Tenant Isolation If the platform serves multiple MGAs, how is data separated between tenants? True tenant isolation means one MGA's data is architecturally inaccessible to another, enforced at the database level, not just the application level.

Encryption Data should be encrypted both at rest (stored on disk) and in transit (moving between systems). Look for AES-256 encryption at rest and TLS 1.3 for data in transit. These are current industry standards.

Access Controls Who within the vendor's organization can access your data? How are those permissions managed? Look for role-based access control, the principle of least privilege, and regular access reviews.

Audit Logging Every action taken on the platform should be logged with who did what, when, and from where. These logs should be tamper-resistant and retained for a meaningful period (typically 1 to 3 years).

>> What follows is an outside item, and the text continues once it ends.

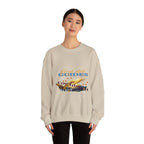 Confusion Lost Recovery |Christian Crewneck Sweatshirt —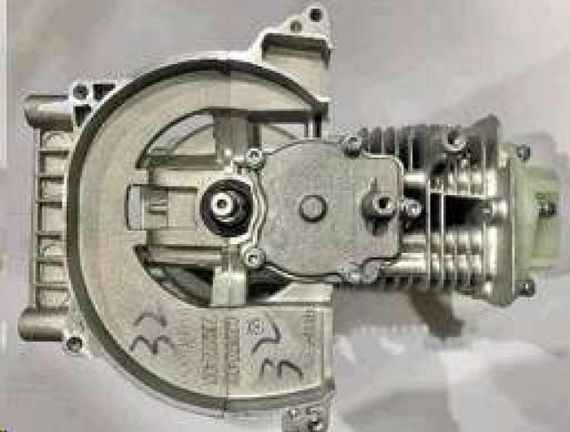 Картер   мотокосы (в сборе)   4T 139F SVET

Incident Response What happens if there is a security incident? The vendor should have a documented incident response plan that includes detection, containment, notification, and remediation procedures.

Questions to Ask Vendors

When evaluating an InsurTech vendor's security posture, ask these questions:

  1. Do you have a current SOC 2 report? Is it Type 1 or Type 2?
  2. How are carrier portal credentials stored and encrypted?
  3. How is data isolated between different MGA tenants?
  4. What encryption standards do you use for data at rest and in transit?
  5. Who within your organization has access to customer data?
  6. How are security incidents detected and reported?
  7. What is your data retention policy? How is data disposed of?
  8. Do you conduct regular penetration testing?
  9. What cloud infrastructure do you use, and what are their compliance certifications?
  10. Can you provide a copy of your SOC 2 report under NDA?

A vendor that answers these questions confidently and specifically is likely taking security seriously. A vendor that gives vague or evasive answers should raise concerns.

The Compliance Landscape Is Evolving

Insurance regulators are increasingly focused on third-party vendor risk. The NAIC's Insurance Data Security Model Law (adopted by a growing number of states) specifically requires insurers and their agents to evaluate and monitor the security practices of third-party service providers.

For MGAs, this means choosing SOC 2 compliant vendors is not just good practice. It is becoming a regulatory expectation. Selecting vendors without credible security certifications creates compliance risk that grows as more states adopt these requirements.

Making the Decision

SOC 2 compliance is not a guarantee of perfect security. No certification is. But it does provide independent verification that a vendor has implemented and maintains a comprehensive set of security controls.

For MGAs entrusting sensitive data to a technology platform, SOC 2 compliance should be a minimum requirement, not a nice-to-have. The cost of a vendor security incident, both financial and reputational, far exceeds the effort of selecting a vendor that meets this standard.